- [WHAT THE EXERCISE ASKS] Look through the data below and output, unchanged, every line from the one holding "怎样分辨冰种翡翠手镯的好坏,怎样分辨冰种翡翠手镯" through the one holding "RENAULT SANDERO 1.0 EXPRESSION 16V 2011", inclusive. Skip the pictures.

- [EXERCISE INPUT]
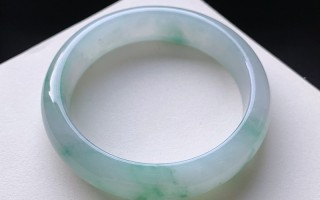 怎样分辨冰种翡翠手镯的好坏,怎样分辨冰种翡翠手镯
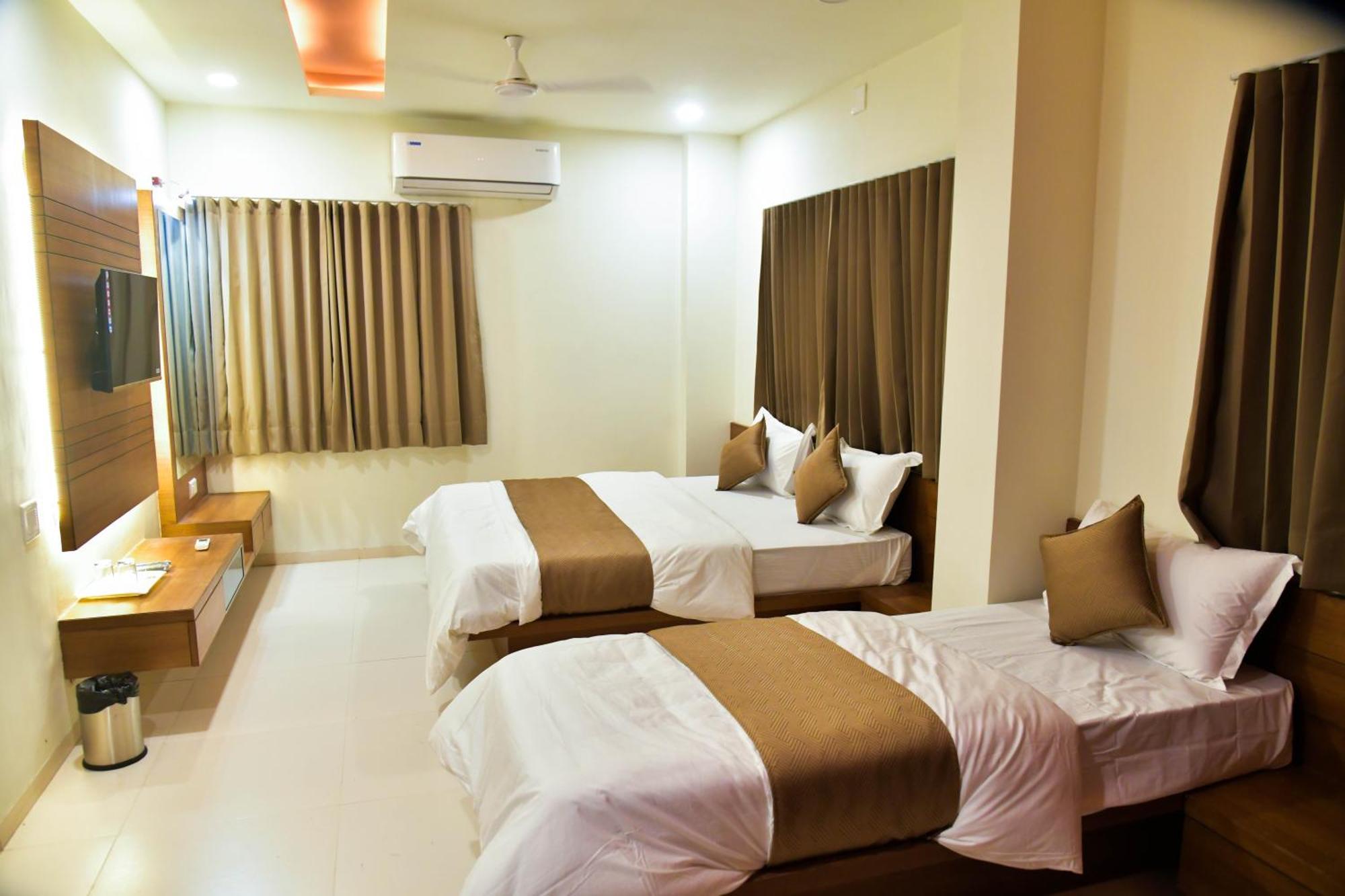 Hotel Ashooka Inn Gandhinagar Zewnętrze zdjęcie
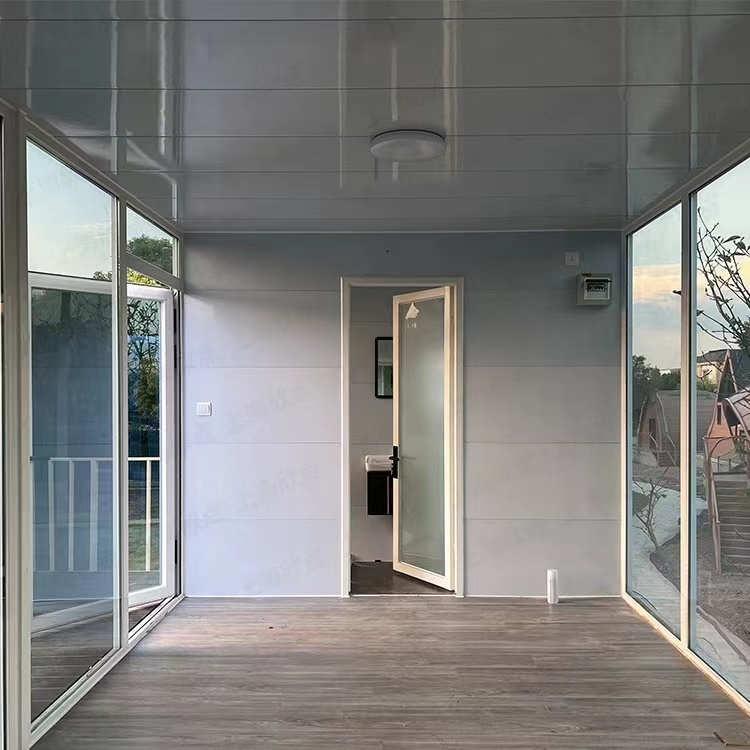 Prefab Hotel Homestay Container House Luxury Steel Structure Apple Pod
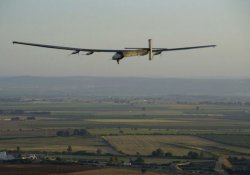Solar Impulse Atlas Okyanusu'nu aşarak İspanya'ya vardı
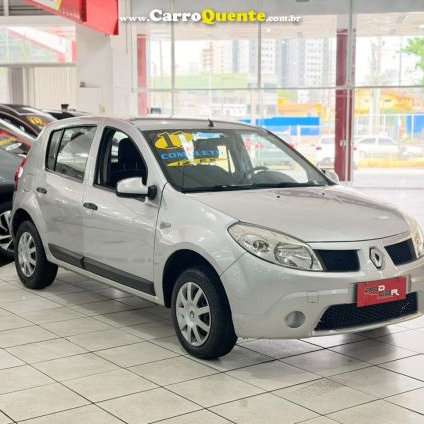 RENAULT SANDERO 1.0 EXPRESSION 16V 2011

* * *

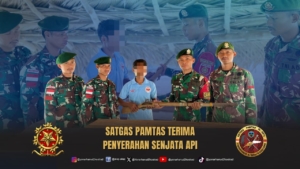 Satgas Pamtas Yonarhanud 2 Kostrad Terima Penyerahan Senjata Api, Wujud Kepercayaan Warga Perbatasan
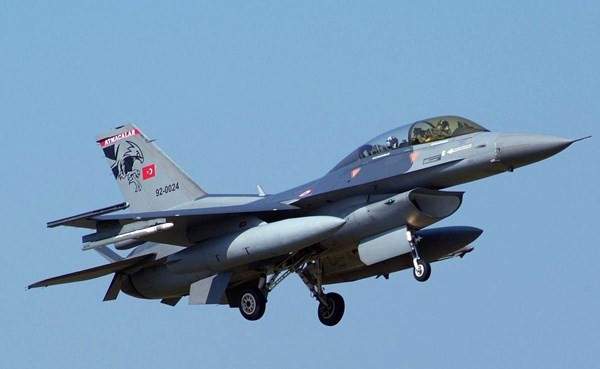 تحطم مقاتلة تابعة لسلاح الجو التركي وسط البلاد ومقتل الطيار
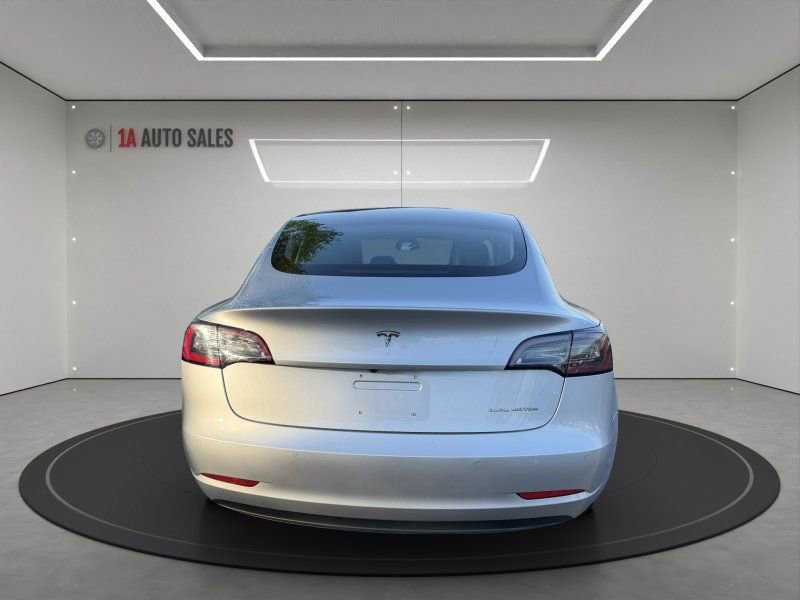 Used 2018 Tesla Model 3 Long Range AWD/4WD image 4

- [PROBLEM SOLUTION]
 怎样分辨冰种翡翠手镯的好坏,怎样分辨冰种翡翠手镯
 Hotel Ashooka Inn Gandhinagar Zewnętrze zdjęcie
 Prefab Hotel Homestay Container House Luxury Steel Structure Apple Pod
Solar Impulse Atlas Okyanusu'nu aşarak İspanya'ya vardı
 RENAULT SANDERO 1.0 EXPRESSION 16V 2011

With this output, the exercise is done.